La principale différence consiste en ce que, dans le sacrifice d’action de grâce, il y avait effusion de sang et qu'il n'y en avait pas dans l'offrande de gâteau. Cependant toutes deux étaient des offrandes en bonne odeur et étroitement liées entre elles (7.12).

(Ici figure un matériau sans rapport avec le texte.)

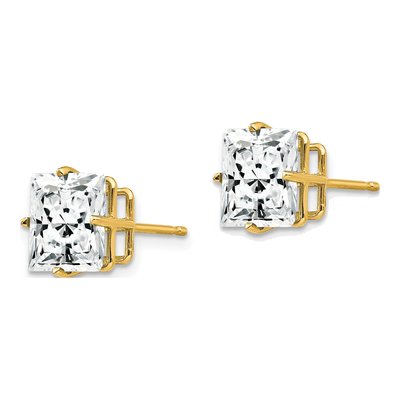 14K Yellow Gold 8mm Square CZ Princess-Cut Stud Earrings – view 2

L'homme ne pouvait pas goûter la joie profonde que donne la communion avec tout cela, simplement parce qu'il n'y avait pas de base sur laquelle cette communion pût reposer. Dans le sacrifice d’action de grâce, cette base si nécessaire est pleinement et clairement établie. "Il posera sa main sur la tête de son offrande et il l'égorgera..." Nous trouvons ici ce que l'offrande de gâteau ne fournit pas, savoir un fondement solide pour la communion de l'adorateur avec toute la plénitude, la valeur et la beauté de Christ, en tant que cet adorateur est rendu capable, par l'énergie du St Esprit, d'entrer dans cette communion. Si nous n'avions que l'aspect de Christ, tel que nous la présente l'offrande de gâteau, il nous manquerait le droit en vertu duquel, et le fondement sur lequel nous pouvons l'y contempler et en jouir. S'il n'y avait pas d'effusion de sang, il n'y aurait ni titre, ni fondement pour le pécheur. Mais Lé 7.12, lie l'offrande de gâteau au sacrifice d’action de grâce, et par là, nous enseigne que, quand nos âmes ont trouvé la grâce, nous pouvons faire nos délices de Celui qui a "fait la paix" et qui est "notre paix".

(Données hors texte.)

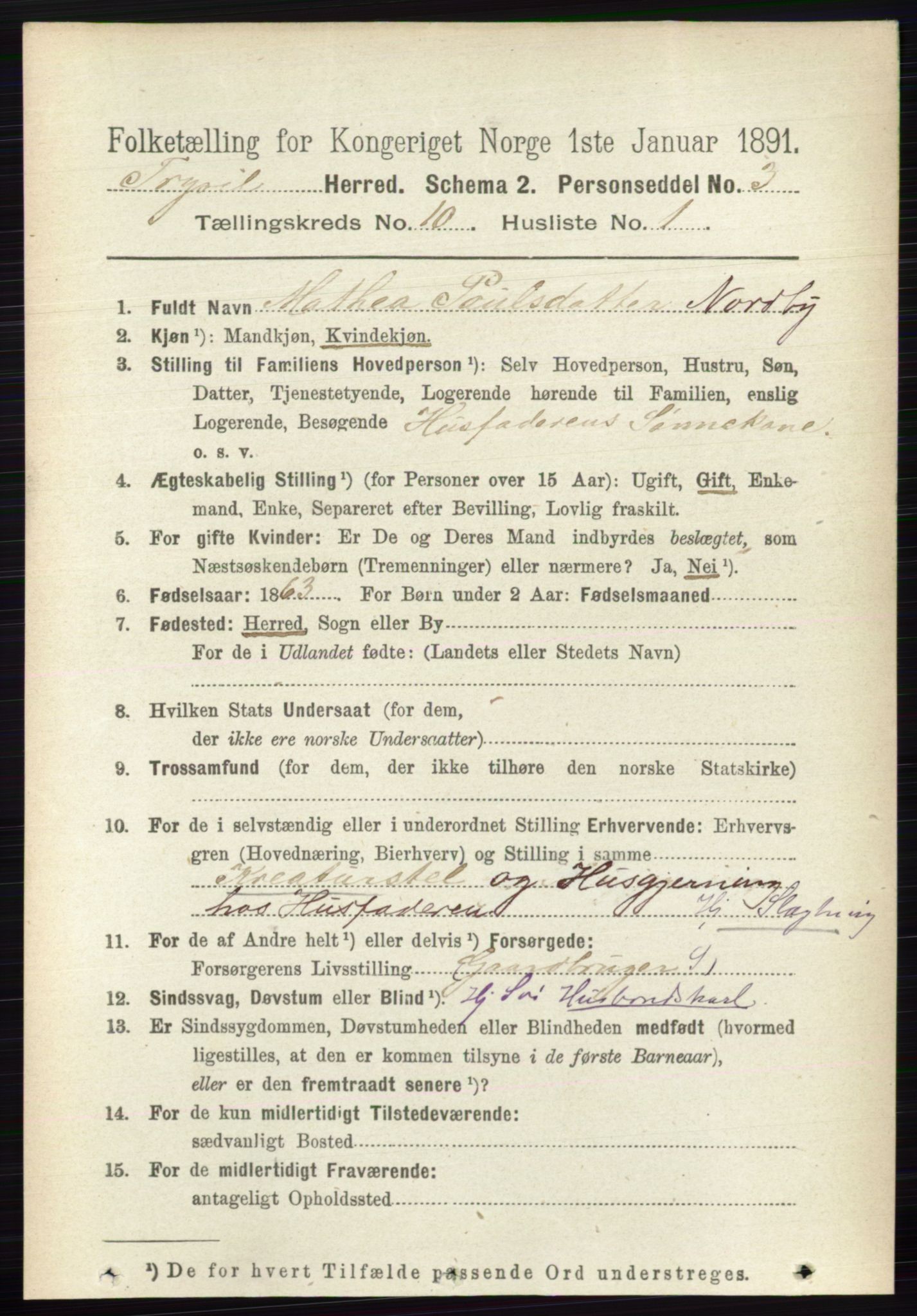 RA, 1891 census for 0428 Trysil, 1891, p. 4855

Mais que l'on comprenne bien, que, tout en ayant, dans le sacrifice d’action de grâces, l'effusion et l'aspersion du sang, cependant l'acte de porter le péché n'est pas ce qu'il exprime. Quand nous considérons Christ dans le sacrifice d’action de grâce, il ne nous apparaît pas comme celui qui porte nos péchés, comme c'est le cas dans les sacrifices pour le péché et pour le délit. Mais (les ayant portés) il nous apparaît comme le fondement de notre heureuse et paisible communion ave Dieu. S'il était question de porter, il ne serait pas dit : "C'est un sacrifice par feu, une odeur agréable à l'Eternel". Toutefois, quoique le péché porté ne soit pas ici la pensée, il y a cependant ample provision pour celui qui se reconnaît pécheur, sans cela il ne pourrait pas en avoir une part quelconque. Pour avoir communion avec Dieu, il faut que nous soyons "dans la lumière".

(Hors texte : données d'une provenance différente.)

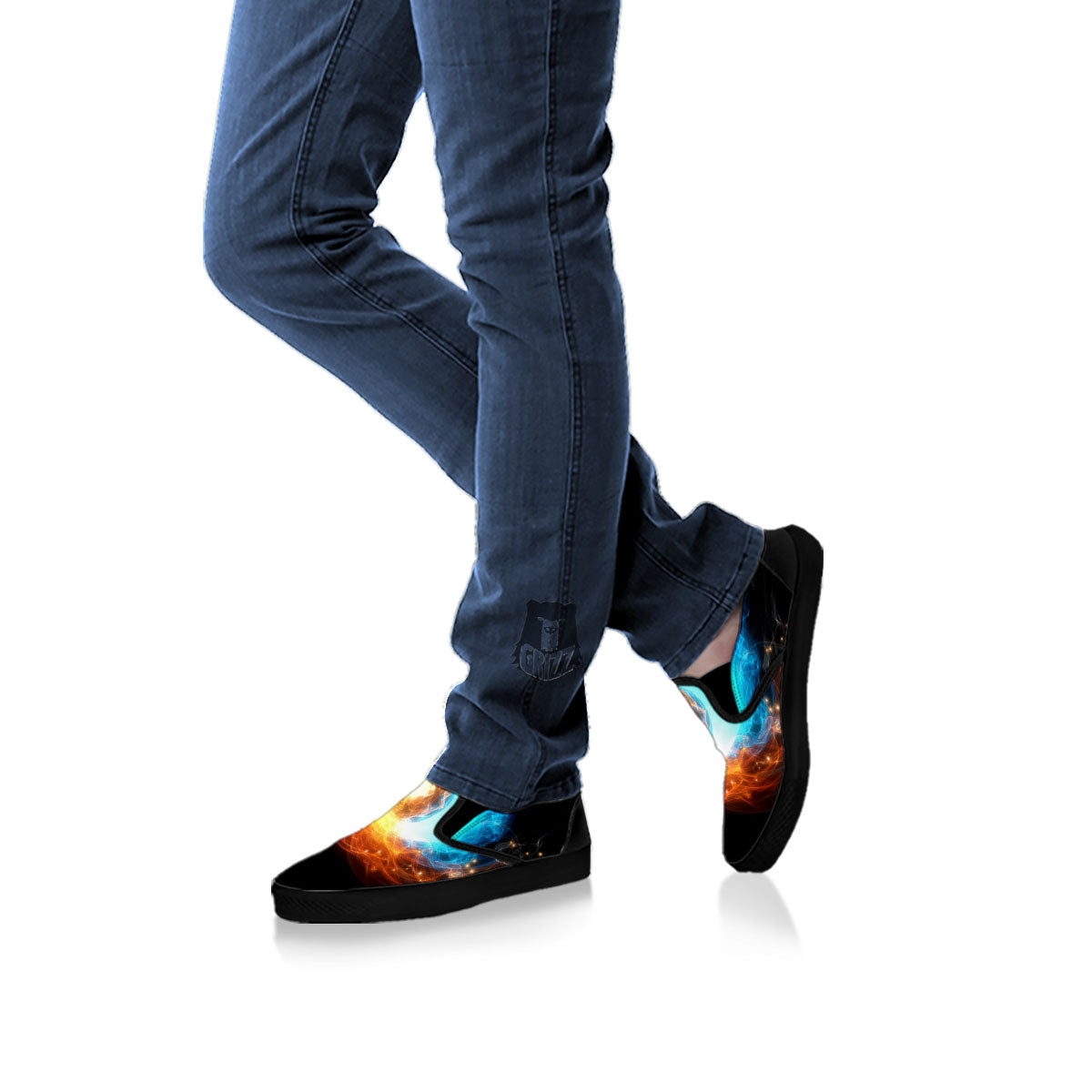 Ice And Fire Sparkle Yin Yang Print Black Slip On Shoes-grizzshop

Et comment pouvons nous y être ?
Seulement en vertu du sang de Jésus qui nous purifie de tout péché. Nous ne sommes dans la présence de Dieu que comme participants de la vie et de la justice divine. Le Père ne pouvait recevoir le fils prodigue à sa table que revêtu de "la plus belle robe" et dans toute l'intégrité de la relation de fils, dans laquelle il le voyait. Si l'enfant prodigue eut gardé ses haillons ou s'il eût été placé dans la maison comme un "mercenaire", nous n'eussions jamais entendu ces douces paroles : "Mangeons et faisons bonne chère, car mon fils que voici était mort et il est revenu à la vie, il était perdu et il est retrouvé". Ce n'est pas en améliorant notre vielle nature que nous parvenons en la présence divine, c'est en tant que possesseurs d'une nouvelle nature. Ce ne fut pas en raccommodant les haillons de sa première condition que le fils prodigue obtint une place à la table de son père, mais en étant revêtu d'une robe qu'il n'avait jamais vue et à laquelle il n'avait jamais pensé auparavant. Le père l'avait en réserve pour lui, dans sa maison. Le père la lui fournit. C'est ainsi qu'ils se mirent à table pour manger "le veau gras" dans une heureuse communion.